When I was a freshman in high school, so roughly 15, I had an online friend, whom was depressed.  Suicidal.  I knew this.

One night I sat and read his plan as he typed it to me over ICQ or Yahoo, whatever we were using at the time.  This was 15 years ago.  I read his anguish and what he intended to do about it.  I knew it was coming that night, that hour.  So I started him talking.  Anything to keep him talking.  I gained ground, and I lost it.  I’d gain more, but I’d lose twice as much.  That’s what it’s like when someone isn’t just wishing life away but putting a plan into motion.

I kept him going for an hour or so.  Maybe it was far less.  Maybe it was more like 3.  This was half my life ago and in moments like this, time doesn’t progress normally anyway.  But we talked a lifetime away as I kept him talking right up until he couldn’t type anymore.  And I continued to type to him knowing full well it was too late, he was at that point of no return.  He was already gone.

I had it confirmed, I don’t even know how much later, by his younger brother.

My life was never the same after that night.

I suppose that’s why, so many years later, I can’t just walk away.  It may not be my personal problem, but it’s someone’s problem.  Someone’s friend.  Someone’s son or daughter.  The love of someone’s life, whether they can see it or not.  And maybe for whatever reason, they can’t be the one there keeping them talking.

But I’d like to think that if I hadn’t been available on that fateful night, someone else would have been.  Maybe they could have done better, maybe I got further than anyone could have.  Just as long as he wasn’t alone in his final moments, even if I was an ocean away.

And so no, I can’t walk away.  It doesn’t matter if you are a total stranger.  Someone who knows you and loves you will always be grateful for the heart I put into gaining ground in keeping your life intact.

I told my father the day after it happened.  Knowing full well he was gone, did we have any means of confirming it?  But this person I cried for the night before was an ocean away, and I didn’t even know for sure where.  Technology was much the same then in the sense of talking to people around the world, but unlike today, there was no Facebook or twitter making it possible to narrow down where a lost life might be found so police could be called.

I still think of him time to time.  I don’t remember his name.  Too many years have passed and I’m not good with that aspect  of my memory.  Yet I will never forget, until my own dying days, that feeling I was left with when all was said and done.

And if in my life I can prevent that feeling for anyone else, then I will fight to make it so.

Because you don’t have to love someone to feel that hole of a life lost.

You’d be surprised who can care about you and how.

And no one is better off when anyone is gone.

5 thoughts on “No Return

  1. That’s heartbreaking – what a thing to experience at 15, or at any age.

    I find it inspiring that you have allowed this experience to cement your wonderful ability to be giving and empathetic with others.

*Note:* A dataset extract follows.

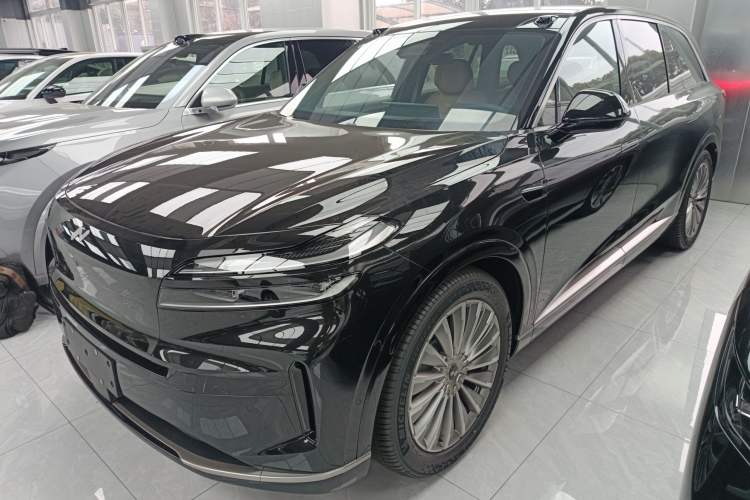 Used ONVO Luxeed L90 2025 Model—Max Six-Seater Version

We can’t change the past or speak with the dead, but we can use the lessons that they taught us to help ourselves and others. Thank you so much for sharing this story.

  2. Thank you for sharing this, it is very difficult to share a story like this. It’s a very important, very personal story. You are right. No one is better when someone is gone. I hope others read your post and consider the impact they will have on the people they would leave behind.

  3. This is just so terribly sad. It’s so true, no one is better off when anyone is gone. Thank you for sharing this.